Migration of activated lymphocytes and monocytes into the synovial tissue in RA is one of the first steps in synovial inflammation, followed by subsequent damage of other joint components [13]. In recent years, the role of T cells has regained some importance in the immunopathology of RA, thus providing a rationale for the specific targeting of T cells with biologic treatments [48].

T cell response is triggered by an initial signal delivered through the T cell receptor (TCR), and it recognizes the antigenic peptide within the context of the major histocompatibility complex (MHC) molecule on the antigen-presenting cells (APC). In order to be fully activated, it needs to be followed by another signal, which is provided by the signals of the co-stimulatory molecules that are expressed on APC (such as dendritic cells, B-lymphocytes and macrophages) [9].

Among the known multiple co-stimulatory signals, one of the best described is the CD80/CD86:CD28 pathway [10, 11]. CD80 (B7.1) and CD86 (B7.2), which are expressed on APC, bind the CD28 molecule on the T cells, thereby transducing the co-stimulatory signal in the early phase of the immune response. However, the activated T cells then express the cytotoxic T lymphocyte-associated antigen-4 (CTLA-4) molecule, which binds the B7 molecules on APC with a 10- to 20-fold greater affinity compared with CD28, and downregulates the T cell activation [1214].

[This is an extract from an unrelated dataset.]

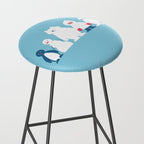 Winter friends Stool Gallery Image 2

CTLA-4-Ig, a biological agent, is constructed by genetically fusing the external domain of human CTLA-4 and a fragment of the Fc domain of human immunoglobulin G1 (IgG1), which has been modified to be non-complement fixing. Like the native CTLA-4, the fusion protein (CTLA-4-Ig) binds more avidly to CD80/CD86 (APC) than to CD28 (T cells), thus interfering with CD28/B7 interaction [15, 16].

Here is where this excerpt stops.